El primero ya lo había leído en formato electrónico, pero ahora tenía la oportunidad de hacerlo en una edición muy buena de Capitán Swing. El segundo venía respaldado por una excelente valoración de crítica y público. Y me dispuse a leerlos simultáneamente. Dos creadores por los que siento admiración, dos personalidades que presumía distantes entre sí.
Fernán Gómez cuenta, como en su momento hiciera Arturo Barea en La forja de un rebelde, arrastrando con su biografía la crónica de una época tan importante como la de la Segunda República, la Guerra Civil y el franquismo. Habla el muchacho que va abriéndose hueco en la farándula con breves lucimientos y dilatados fracasos que son contados con la imperecedera socarronería del artista. Con su memoria se encienden las luces del teatro y el cine de un periodo precario, y asoma sin ostentación algún que otro aspecto de su periplo sentimental: el cariño de su abuela, el vaivén de las atenciones de su madre, sus primeros escarceos con las mujeres. Y aquí vienen los primeros frutos de este paralelismo de los dos diarios que me propuse leer simultáneamente. Porque Chirbes, a diferencia del comedimiento de caballero cumplido de Fernán Gómez, se abre las carnes y nos muestra hasta el último de los hedores que le deparó su vida en los momentos más convulsos. En los Diarios hay una disección maravillosa del dolor que como lector se agradece en tanto que traslada al acto de leer toda la munición emocional que uno espera de una biografía, más allá de la anécdota y la originalidad. Además del desgarro hay erudición, portentosa para un analfabeto como yo, que sin duda está en la sustancia con la que compuso sus novelas, y hay mucho de crítica literaria que pellizca sobre convenciones que parecen inalterables.
En Fernán Gómez aflora su educación sentimental, pero sobre todo su progresión artística, la infinidad de tanteos que terminan consolidándolo como un artista polifacético, sin antecedentes en España y quizás también fuera de nuestras fronteras. Pero Fernán Gómez habla como cronista, con un pudor que él mismo se impone porque no considera oportuno confesar en un libro lo que no le ha contado nunca a los amigos. En Chirbes, sin embargo, saltan a la vista los vasos capilares de su vida sexual y las costuras de sus desazones más punzantes.

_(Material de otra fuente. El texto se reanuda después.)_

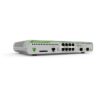 Allied Telesis AT-GS970M/10-30 switch Gestionado L3 Gigabit Ethernet (10/100/1000) 1U Gris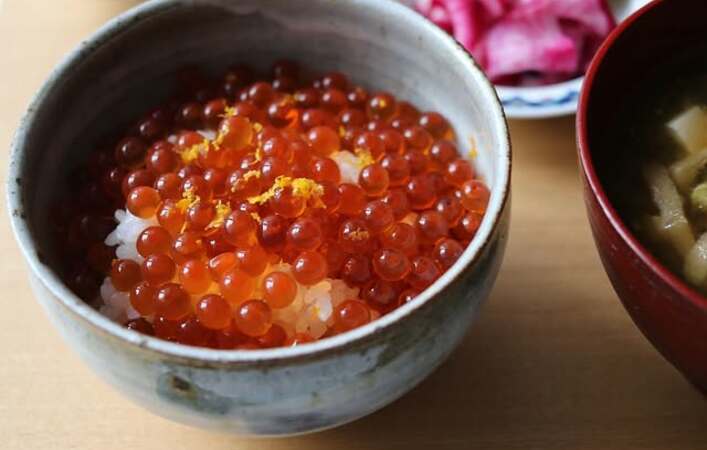 新米をもっとおいしく！炊き方のコツ＆人気の「ごはんのお供」レシピ集
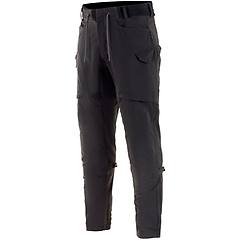 Alpinestars Pantaloni Juggernaut Nero Nero S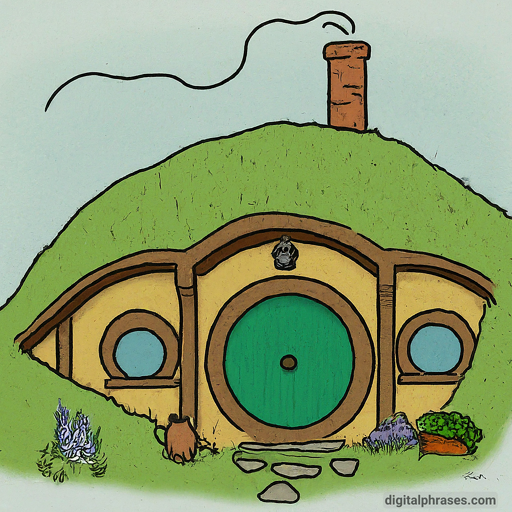 40 Drawing Ideas for Kids | Simple + Challenging cartoon image of a mountain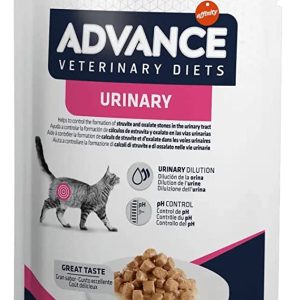 Advance Veterinary Diets Urinary Per Gatti – 12×85 g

En este ritual que me impuse he vivido la vida de dos individuos admirables con un recorrido diferente. El uno me ha llevado a través de la piel de la historia, hendiendo de vez en cuando para conocer qué sangre sustenta los hechos que protagoniza, pero sin herir, sin salpicar, con todo el surtido de luces que apetece encender para saber qué pasó para que este hombre llegara a ser un grande. El otro emplea el escalpelo y revela la condición humana en su estado más primitivo, pero desde ese inequívoco drama surge una obra literaria de la que podemos saber cuál es el itinerario que ha terminado consagrándolo.